PROVIDED ENTRIES:
++++

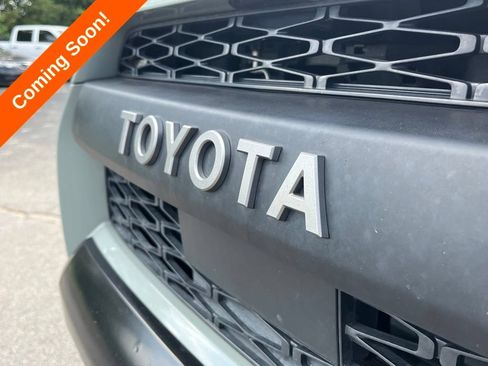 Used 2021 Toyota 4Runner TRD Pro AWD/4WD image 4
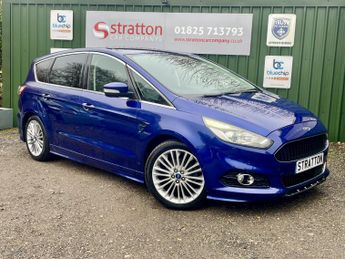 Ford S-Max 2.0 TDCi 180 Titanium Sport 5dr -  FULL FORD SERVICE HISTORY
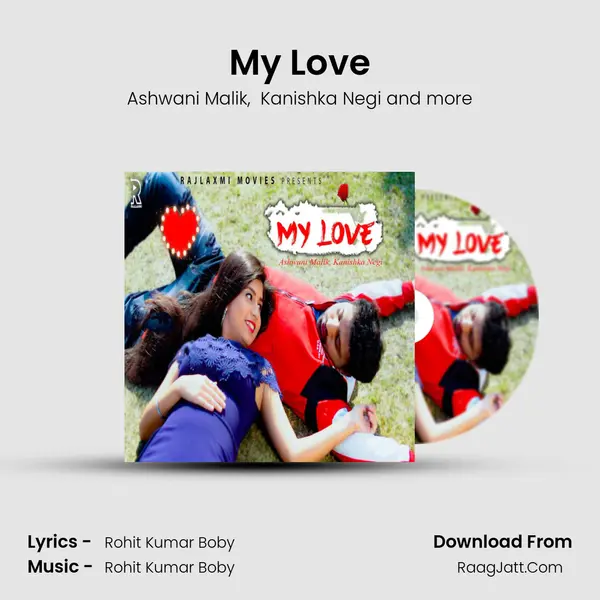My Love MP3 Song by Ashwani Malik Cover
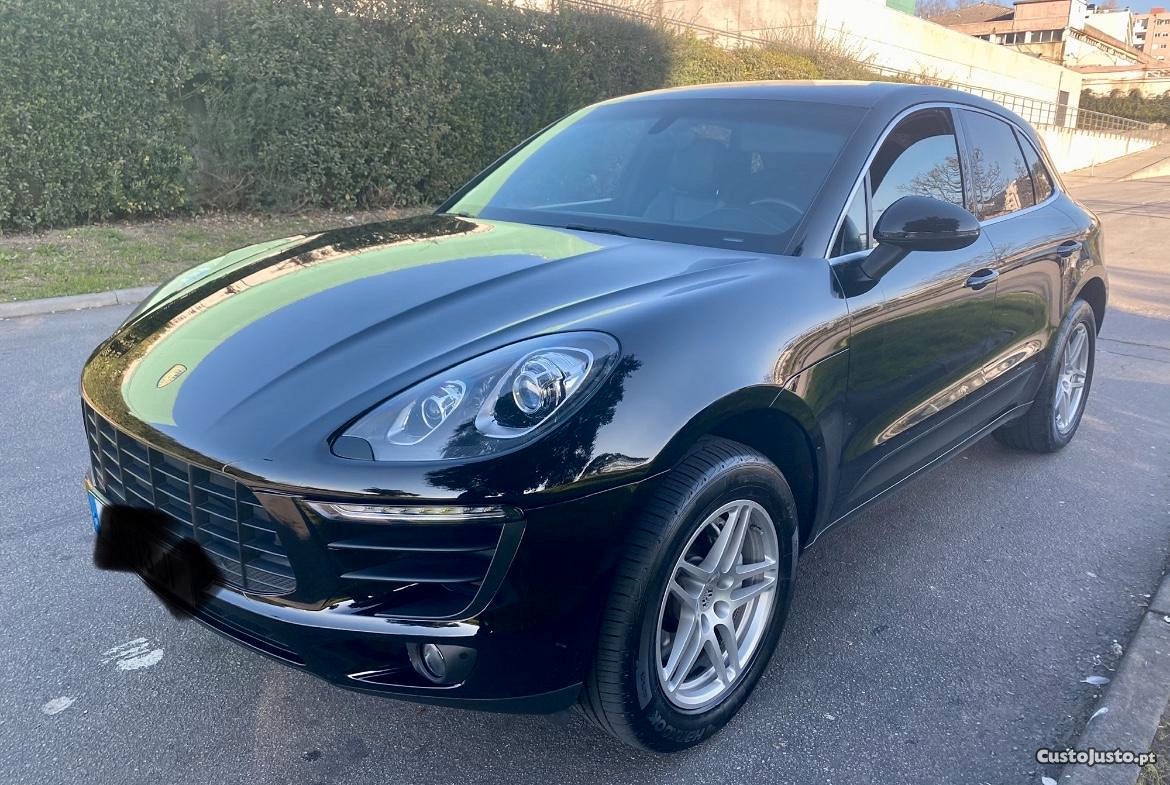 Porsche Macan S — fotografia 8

++++

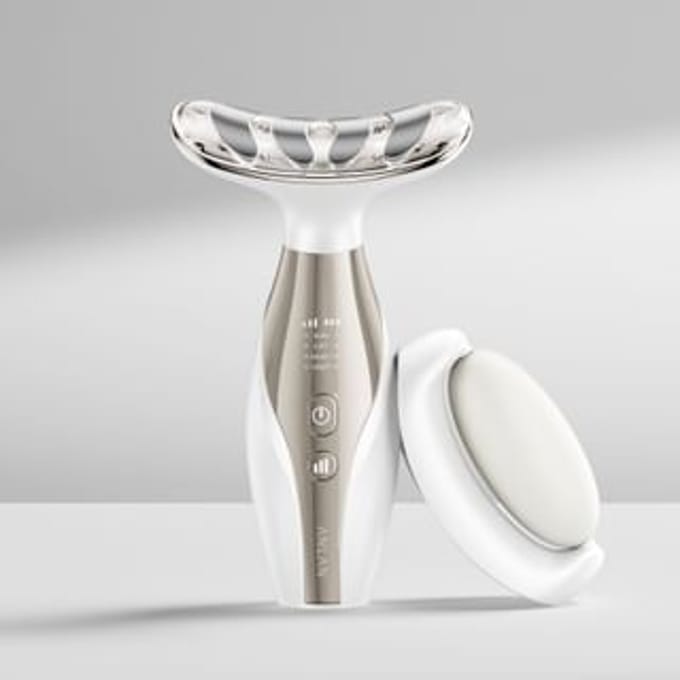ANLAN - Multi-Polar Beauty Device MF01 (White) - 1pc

++++

ABOUT THIS TASK:
Going by the data above, give back only the lines from the one containing "Ford S-Max 2.0" through the one containing "Porsche Macan S — fotografia 8", exactly as they stand, both ends included and no images.

WRITTEN REPLY:
 Ford S-Max 2.0 TDCi 180 Titanium Sport 5dr -  FULL FORD SERVICE HISTORY
My Love MP3 Song by Ashwani Malik Cover
 Porsche Macan S — fotografia 8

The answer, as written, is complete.